ウカノミタマ《ごめんなさい。本当によく似ていたものだから…》

 

神世界のどこか…謎の空間でウカノミタマは謎の女性と話している。だが女性は男性の前とはうって変わって男っぽい口調で食いかかるも、ウカノミタマは飄々として反省しているようには見えない。

 

???「…まったく…!しかも永遠亭の奴らまで解放されてしまった!どうあの方に報告するつもりなんだ!?」

 

ウカノミタマ《…大丈夫よ。()が出ていったから》

 

???「!?…なら安心か…」

 

ウカノミタマの呑気な言葉に女性は顔を強ばらせる。同時に女性は胸を撫で下ろした所を見ると、その人物は相当手練れの神のようだ。

 

ウカノミタマ《…一応それの報告に来たわ。

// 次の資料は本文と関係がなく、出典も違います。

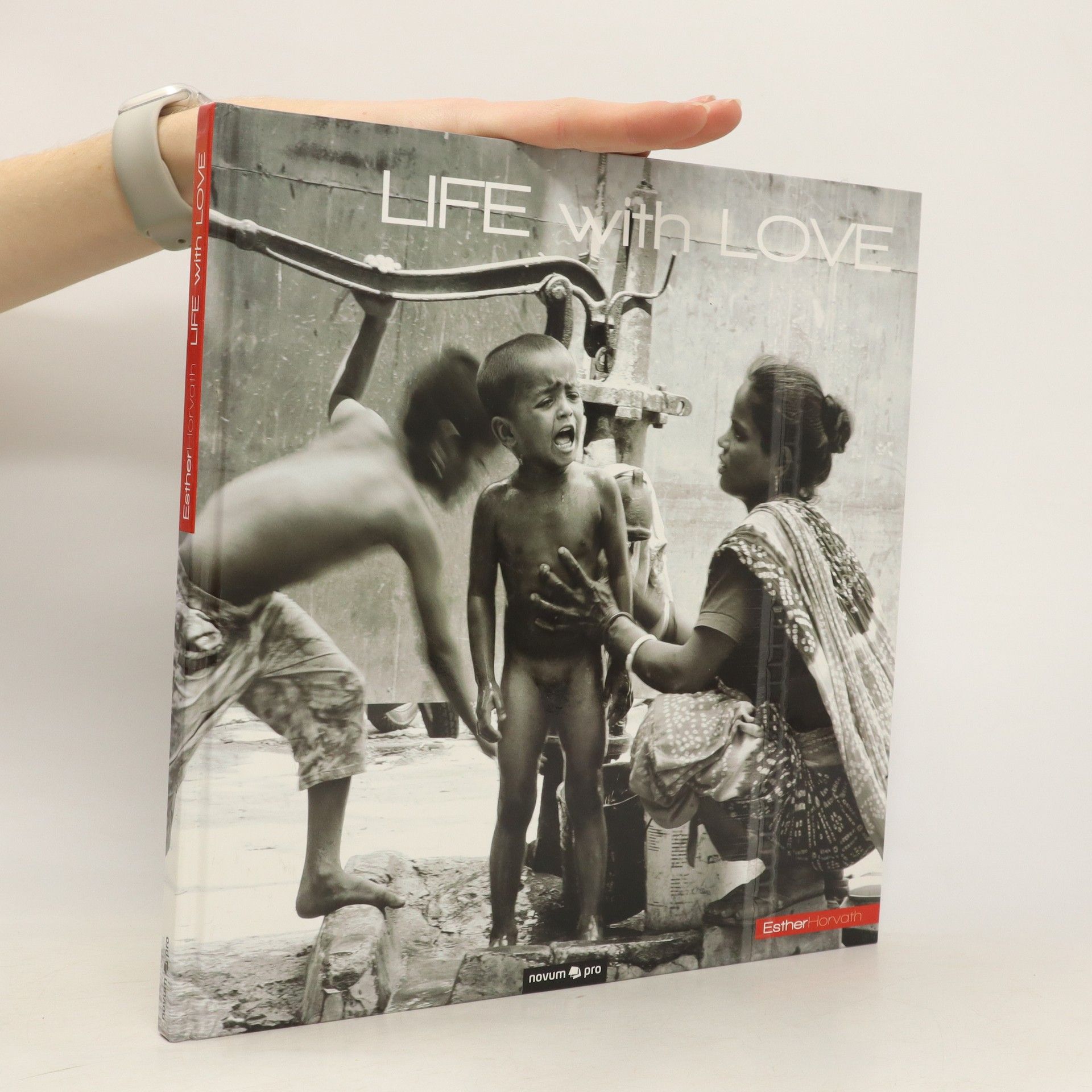 Esther Horvath Life with love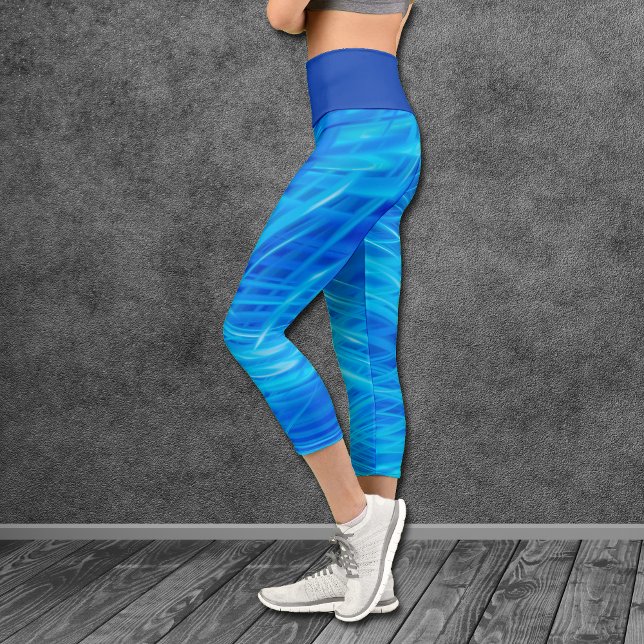Abstraktes Muster in wirbelfarbenem Blau Capri Leggings (Von Creator hochgeladen)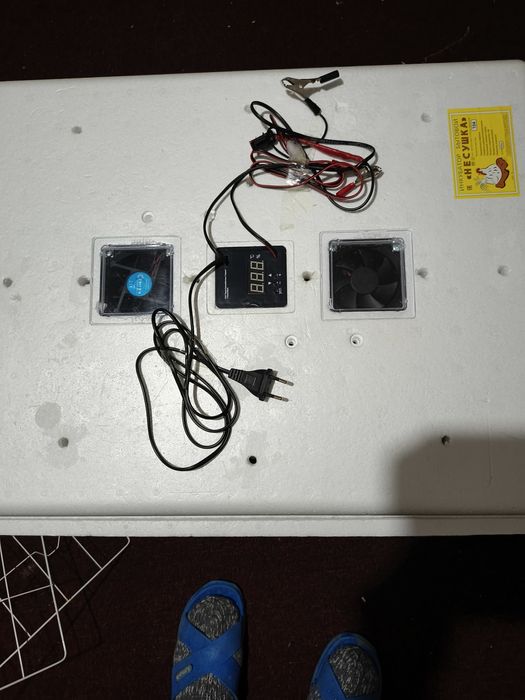 Продам инкубатор  несушка.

じゃあね、私は月の都でツクヨミと過ごしてるから》

 

???「…ずいぶん趣味の悪い女だな…他人の夫を洗脳して」

 

ウカノミタマ《 あ!?文句あんの!?

 

???「…い、いや…幸せにな…」

 

ウカノミタマのブチギレオーラに女性はそう答えるしかできなかった。

 

 

 

 

――幻想郷が蘇生した。

 

冬の白色は春の日差しに彩られ、幻想郷は完全に生の色を取り戻していた。

冬の間眠っていた色の力が目覚め、幻想郷を覆う。

花と同時に妖精達も騒がしくなる。

その異常な美しさの自然は、幻想郷に住む者全てを驚かせた。

 

彼女たちはいち早くその異変に気が付いた。

 

桜、向日葵、野菊、桔梗・・・

まだ春だというのに、一年中全ての花が同時に咲き出していたのだ。

多くの人間と全ての妖精は、自然からのプレゼントと受け取って暫くその光景に浮かれていた。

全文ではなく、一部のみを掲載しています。